Likewise, the study found over half of all US active bond funds outperformed their respective pure benchmarks after fees and across all time periods bar the 10-year stretch (which included the possibly distorting effects of the GFC where spreads and illiquidity bumped up fixed income trading costs that were not reflected in the index).
Broken down by category, PIMCO found only high-yield active bond managers underperformed the benchmark – a result consistent in all time periods covered in the study. Only 35 per cent of active high-yield fixed income funds returned above-benchmark after five years, representing the best result in the time series under scrutiny.
“Although the percentage of active funds and ETFs outperforming their benchmarks for [the high-yield] category appears low, 81 per cent outperformed their median passive peers over the same five-year period,” the report says. PIMCO says the apparent contradiction reflects the fact that lower liquidity and relatively high transaction costs in the high-yield market make it difficult for passive managers to closely track index returns.
Well under half of US active equity managers, meanwhile, failed to return above their respective indices across all time periods and sub-categories included in the study.
In the ‘Bonds are different: active versus passive management in 12 points’ report, PIMCO says the fixed income market has a few index-repellent features compared to equities that may explain the divergent results between the two asset classes, including:
- the large proportion of noneconomic bond investors;
- benchmark rebalancing frequency and turnover;
- structural tilts in the fixed income space;
- the wide range of financial derivatives available to active bond managers; and,
- security-level research and new issue concessions.
For example, the PIMCO report says almost half of the US$102 trillion global bond market is owned by ‘noneconomic’ investors such as central banks and insurance companies that typically buy fixed income instruments for reasons other than maximising returns.

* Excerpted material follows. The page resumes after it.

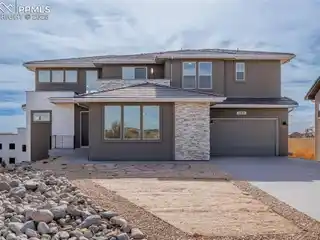 New Build in Prestigious Gated Golf Community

“To the extent [noneconomic bond-buyers] constraints are binding (most of them are), by construction, economic investors tend to outperform noneconomic investors, as the former buy cheap fallen angels from the latter and sell them expensive high-coupon bonds,” the study says. “Active managers potentially may also be compensated by passive managers for providing them with liquidity around changes in index construction.”
Compared to equities, the bond market also has a much higher turnover rate – where about 40 per cent of the latter index changes hand in an average year compared to 4 per cent of the former – and higher concentration of new issues (20 per cent per annum compared to less than 1 per cent for the share market).

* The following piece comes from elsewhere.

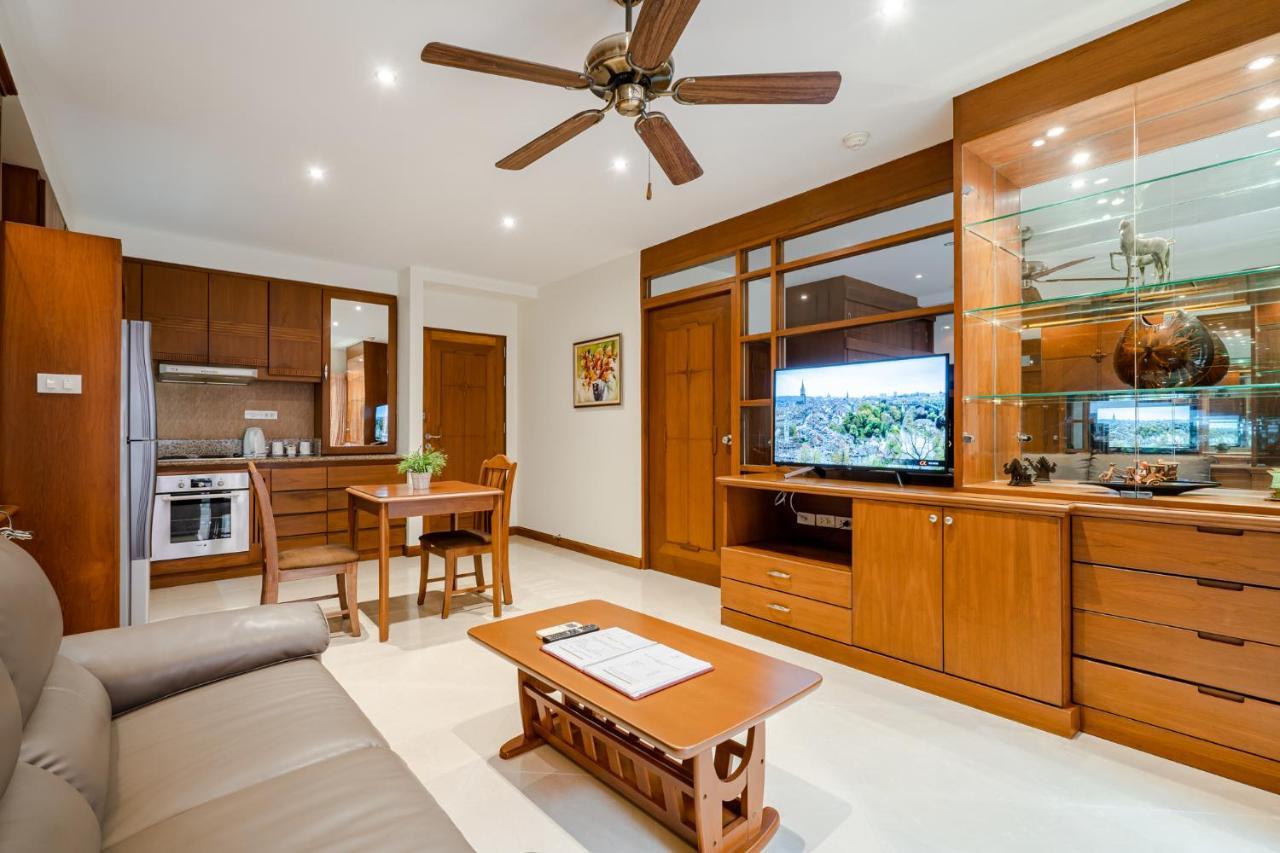 Whitehouse Condotel Pattaya Esterno foto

Despite the downside of index-hugging in the fixed income space, the PIMCO report says passive investing has its place, particularly in keeping active managers honest in “highly efficient and liquid” marketplaces.

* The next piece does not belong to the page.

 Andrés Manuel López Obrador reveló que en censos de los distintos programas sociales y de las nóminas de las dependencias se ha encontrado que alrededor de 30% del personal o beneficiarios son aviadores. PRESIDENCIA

While market dynamics will ensure active investment strategies continues to have value, if the balance tips too far towards passive investing there was a strong potential for “free riding, adverse selection and moral hazard”, the study says.
Furthermore, the report – authored by PIMCO executives Jamil Baz, Ravi Mattu, James Moore and Helen Guo – says the passive management ideal as simply holding the entire market will always remain a fantasy.
“The market is an ever-evolving set of assets that need to be traded actively for replication purposes. This is more acute with securities that have finite lives and regularly return capital,” the study says. “… after all, there is no such thing as passive, just different shades of active management.”